金髪ツインテールの女の子
寒くてタイピングする指が凍り付いております。
アンヘルが帰って行ってから翌日。
「んー、今日もいい天気ねぇ。ほら、ぽむ、ぽこも起きて!」
いつまでも毛布にひっついているぽむとぽこを撫でて起こす。
「ぷー」
「ぽー」
イヤイヤと首を振り、毛布に噛み付いている。
何時の間にかどんだけ寝汚くなったのよ、この子達は……。
「いい加減にしなさい! 起きないとごはんあげないよ!」
「ぽぴっ!?」
「ぷぴっ!?」
二匹が飛び起きる。
うん、ちゃんと起きたね。えらいえらい。
気をよくした私は詠唱をし、星の魔力を込めて綿飴状の糸を出す。
うん、今日も綺麗に出来た。
「はい、ご飯だよー」
「ぷ、ぷ!」
「ぽ、ぽ!」
もっちゃもっちゃと食べている二匹を残して私も朝ごはんの準備をする。
昨日アンヘルがアデラおばさんの所からパンを貰ってきていたので、それを焼く。
しばらくしてこんがり焼けたバタートーストを齧りながら、今日は何をしようかと悩む。
まずは掃除して、畑の水遣り……はゴレムスがしてくれているから、掃除してトレントとお話でもしようかな。そして魔術の研究、よし、これで行こう。
そうと決まれば後は行動よね。
お皿を洗い、2階へ箒を持って上がる。
窓を開けて、ベランダへ出て、トレントとゴレムスに挨拶をする。
「トレント、ゴレムス! おはよう!」
「あぁ、おはよう。リン」
「ハニッ!」
まだ少し眠そうなトレントと腕を器用に動かして敬礼をしているゴレムス。
「ハニッ! ハニッ!」
私が箒を持っているのを見咎めたのか、ゴレムスが手を振って、箒で掃くような仕草をしている。
「え? 掃除はゴレムスがやっていてくれたの?」
「ハニッ!」
疑問に思って聞いて見たら全部やってくれていたとの事。
道理で一週間家を空けても埃っぽくなかったのね。
ゴレムスにお礼を言い、箒を片付ける。
「んー……。やる事なくなっちゃったなぁ。

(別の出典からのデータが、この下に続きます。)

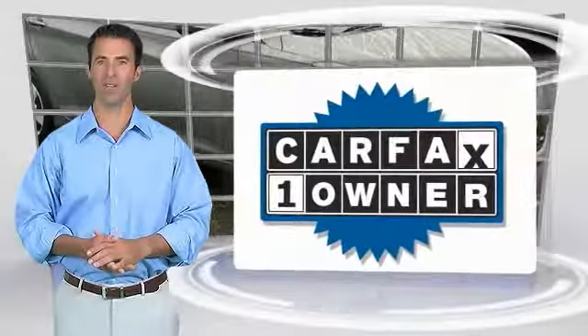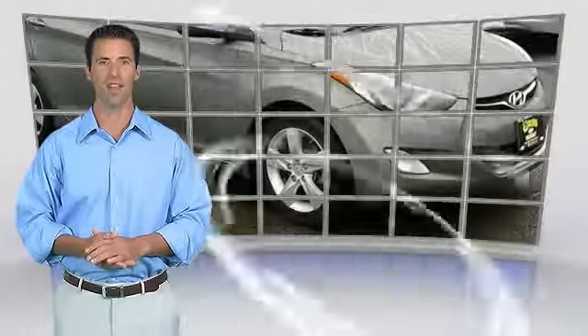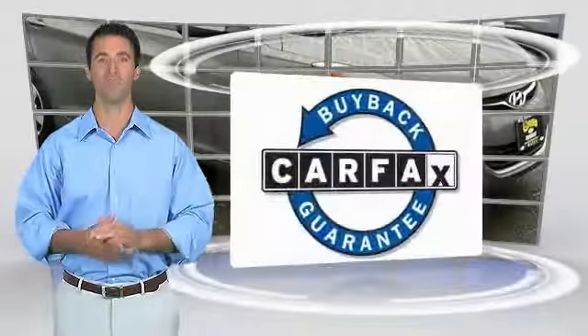This is a one-owner vehicle with the Carfax Vehicle History Report. Be sure to find a complimentary copy of this report online or contact the dealership. This vehicle qualifies for the Carfax Buy Back Guarantee.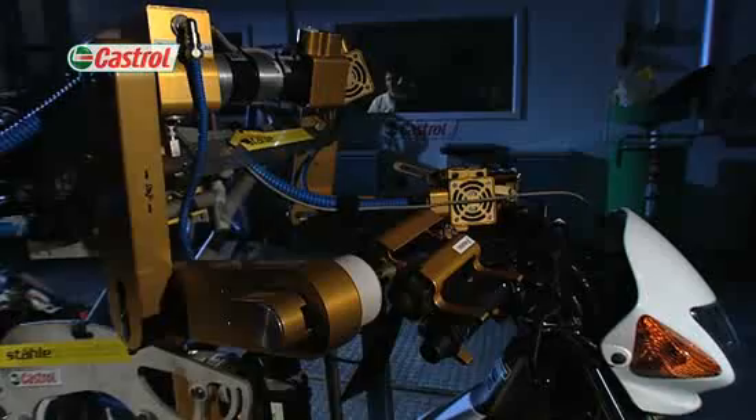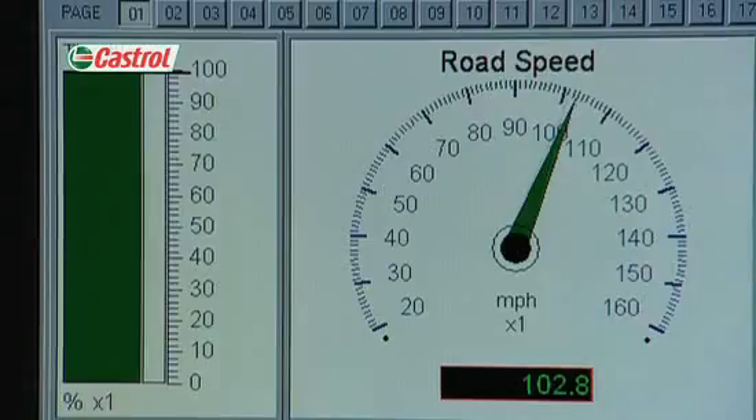Differentiated testing introduces you to Flossie, our robot rider, who takes precision riding to a whole new level in our climatic test chamber.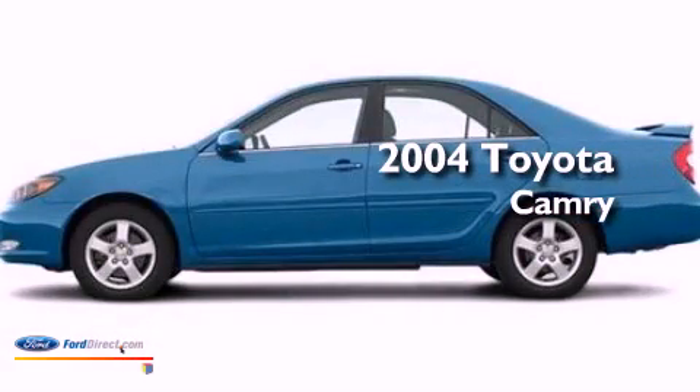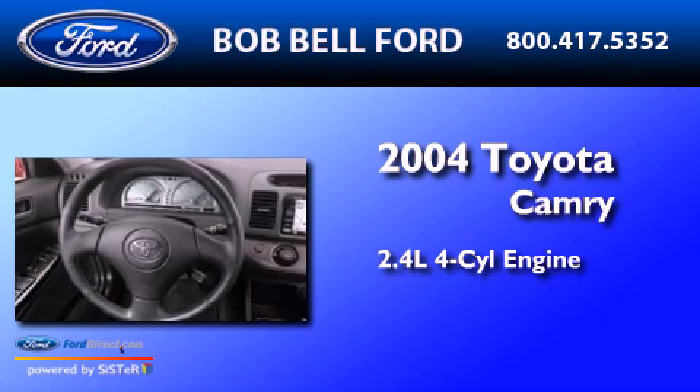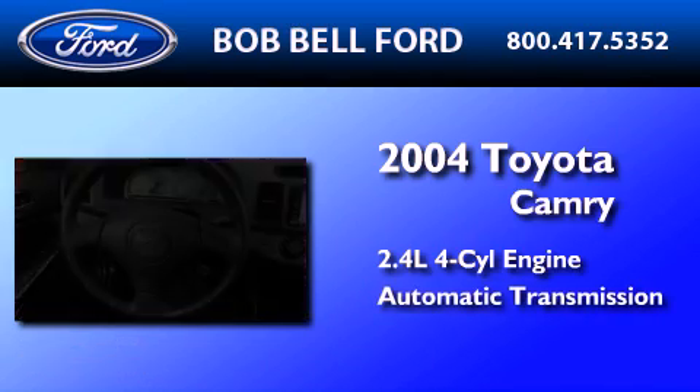This is a 2004 Toyota Camry. It features a 2.4-liter, four-cylinder engine and an automatic transmission.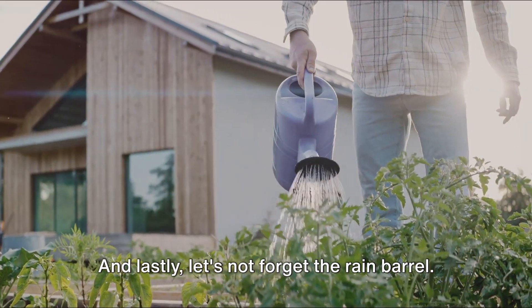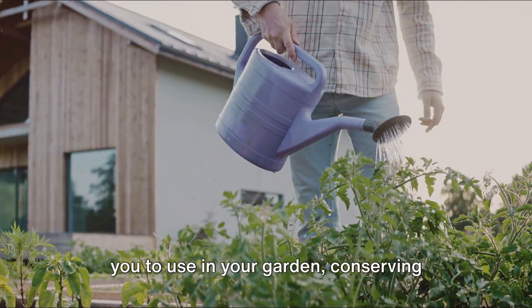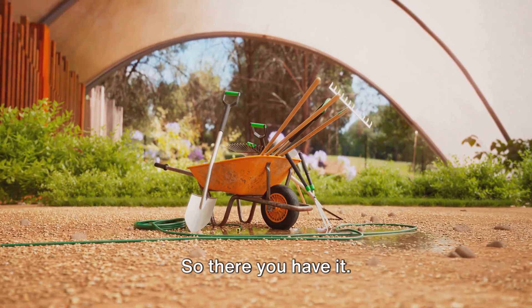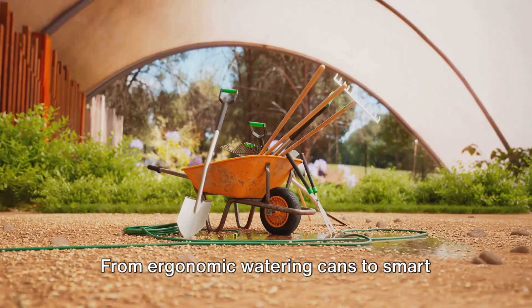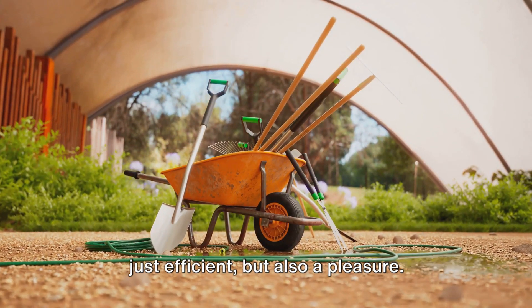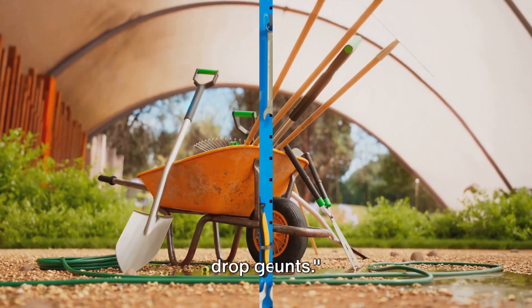And lastly, let's not forget the rain barrel. This simple tool collects rainwater for you to use in your garden, conserving water and saving you money — a win-win situation. From ergonomic watering cans to smart irrigation systems, these tools are designed to make watering your garden not just efficient, but also a pleasure. With the right watering tools, every drop counts.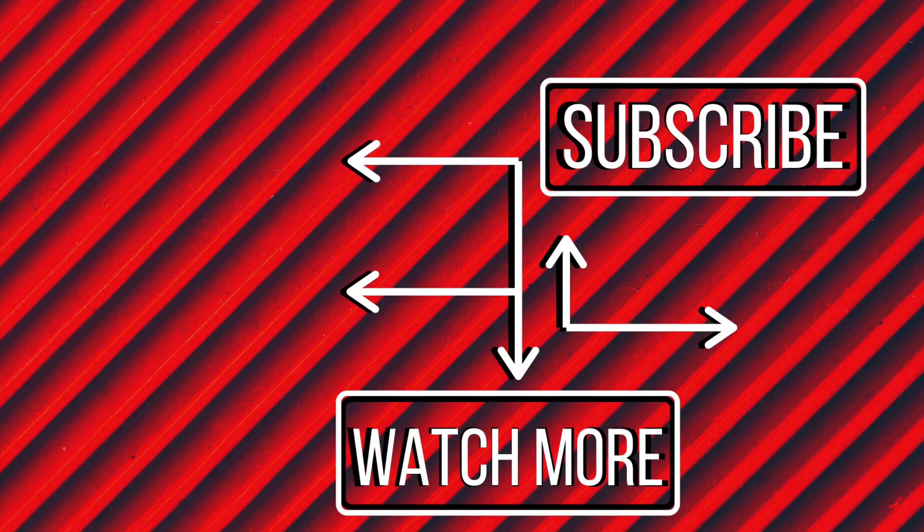Hello guys, welcome to the channel. You're watching Technicos and today we're gonna talk about a beast of a machine — the Apple MacBook Pro 16 inch. Before we dive into it, let's do a quick unboxing of it.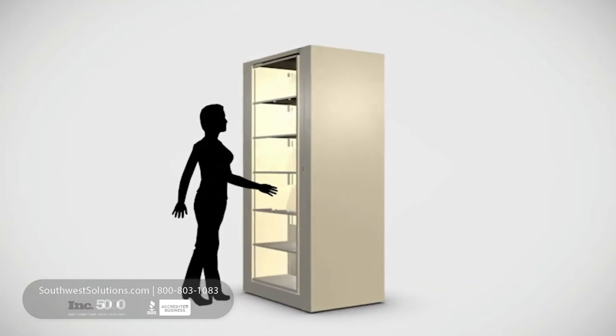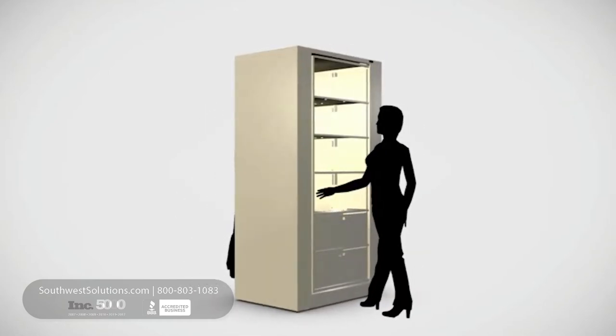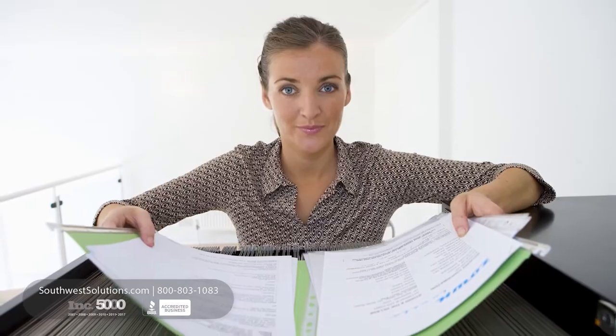The cabinets could be reconfigured for hanging files or binder shelves. HR was able to expand their offices and still keep confidential personnel files on site — an ideal storage solution.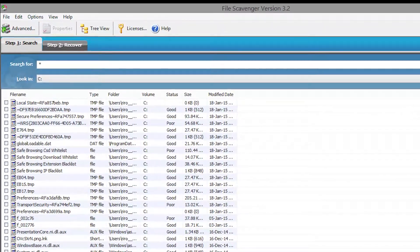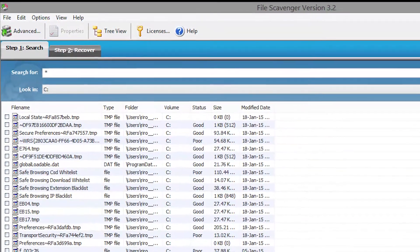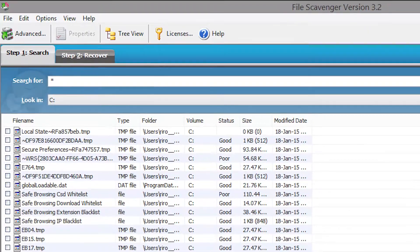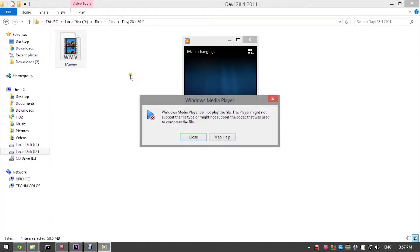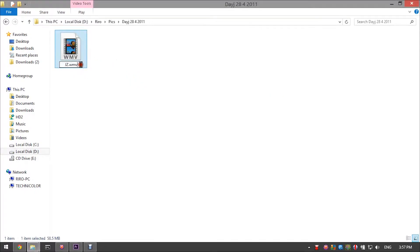Once I did that, I used a program called File Scavenger. File Scavenger is a paid program compatible with Windows that scans and recovers lost data. It did restore 95% of my files. The other 5% were corrupted, though they kept their name, so I knew what they were.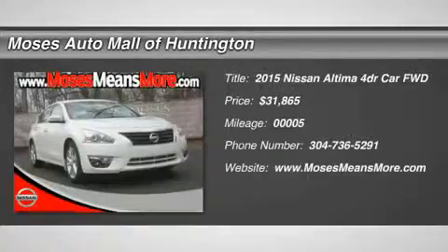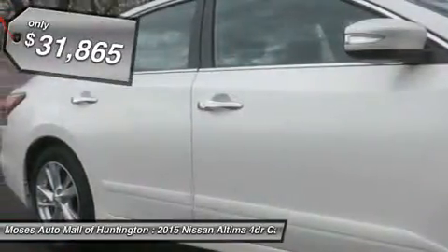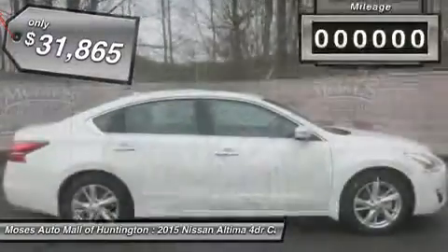You'll love this 2015 Nissan Altima. This is a car you'll want to take home. With just 5 miles, it features a variable transmission and an exterior color of pearl white. Call us and be the first to open the car door today.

とりあえずレインを連れてトレントとお話でもしようかな」
そういえばレインも半ゴーレム化しているって言われたのよね。
だから私の言葉に首を頷いたり考えるような仕草をしていたのね。
とりあえず疑問に思っていた事が解けて、なんとなく安心する。
自立人形とかは良いんだけれど、さすがに髪が伸びるだとか夜中に勝手に動き出す系の某オキクさんのような人形は怖い。
レインを抱いて、1階に降り、トレントの横に座る。
トレントの緑の匂いを胸一杯吸い込む。
「はぁ……。やっぱり落ち着くね。トレントの匂い」
「ほっほっほ。そりゃあ新鮮な空気を出しているからねぇ」
トレントの幹に体を寄せて、レインも座らせる。
「そうだレイン。レインって弟か妹欲しい?」
レインが半ゴーレム化しているというのなら今の状況でも答えられる筈。
人形遣いとしてどこまでできるのかが私の修行の一種の課題でもあるし。
私の問いにレインはコクリと頷いた。
「よし、それじゃあ弟と妹、どちらが欲しい?」
そう聞くと妹の方にコクリと頷いた。
なるほど、妹が欲しいのね。
素材はトレントの枝を貰って、後はノームにお菓子と交換で上質な粘土を貰おうかな。
これからできるレインの妹に想像を馳せ、笑みが浮かぶ。
「っと、その前に剣を直さないとね」
火の魔術はそんなに得意じゃないけれど、まずは折れた部分を溶解して、土の魔術で研磨、かな?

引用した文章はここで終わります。